Ich sollte einen der Säle übernehmen, aber auch in dem andern den die Schwester selbst unter sich hatte, beim Verbinden helfen. Darin traute sie mir mehr zu als sich selbst, da ich vom Operationssaal kam. Das Assistieren im Verbandzimmer überließ sie mir ganz. Als ich zum erstenmal in ihren Saal kam, leuchteten mir gleich aus einem der ersten Betten ein paar blaue Augen entgegen. Es war der kleine Bergmann, dem ich im Bad geholfen hatte. Er erkannte mich sofort wieder, als ich zur Tür hereinkam und war froh über das Wiedersehen. Er war am schwierigsten zu verbinden, an beiden Oberschenkeln waren tiefe Fleischwunden von einem Granatsplitter. Da aber die Knochen unverletzt waren, galt er noch als leichter Fall und wurde nicht in der Nähe des Operationssaals behalten. Ich mußte ihn auf dem Arm hochhalten, damit der Arzt ungehindert die Binden lösen und wieder anlegen konnte. Dabei schrie er immer laut, worüber der Doktor sehr ungehalten wurde. Es war ein Pole, der jeden Tag aus seinem Lazarett des nächsten Ortes herüberkam, um bei uns auszuhelfen. Die Baracke hatte zwar noch von der Seuchenzeit her eine Stationsärztin, Frau Dr. Seidemann, sie machte auch noch bei uns Visite, hatte aber das Verbinden nicht übernommen.

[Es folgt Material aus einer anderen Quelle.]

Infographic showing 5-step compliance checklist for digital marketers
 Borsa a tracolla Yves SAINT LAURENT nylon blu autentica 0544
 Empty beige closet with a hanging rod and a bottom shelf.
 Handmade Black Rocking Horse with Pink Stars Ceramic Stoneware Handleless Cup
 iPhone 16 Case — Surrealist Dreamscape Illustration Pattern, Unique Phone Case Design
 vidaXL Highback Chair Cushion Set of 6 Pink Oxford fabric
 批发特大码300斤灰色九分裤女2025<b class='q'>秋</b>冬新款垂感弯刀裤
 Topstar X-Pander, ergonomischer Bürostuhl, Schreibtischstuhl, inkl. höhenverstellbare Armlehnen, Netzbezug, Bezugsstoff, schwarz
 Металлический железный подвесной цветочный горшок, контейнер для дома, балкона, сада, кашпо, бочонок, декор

Einmal redete ich meinem kleinen Bergmann unter vier Augen ins Gewissen. Ich fragte ihn, ob denn das Verbinden so sehr wehtue. Ach nein, gar so schlimm sei es nicht. Dann sollte er auch die Zähne zusammenbeißen und nicht schreien. Es seien lauter Polen und Tschechen um ihn herum, der Arzt selbst sei ein Pole. Denen müsse er doch zeigen, daß ein deutscher Soldat etwas aushalten könne. So, das seien alles Polen und Tschechen? Er hatte es noch gar nicht gemerkt. Gut, er wollte tapfer sein. Vor dem nächsten Verbandwechsel fragte ich noch einmal: „Also, wenn heute der Herr Doktor kommt...?“ „...Wird nix gesagt!“ war die entschlossene Antwort. Und er hielt Wort.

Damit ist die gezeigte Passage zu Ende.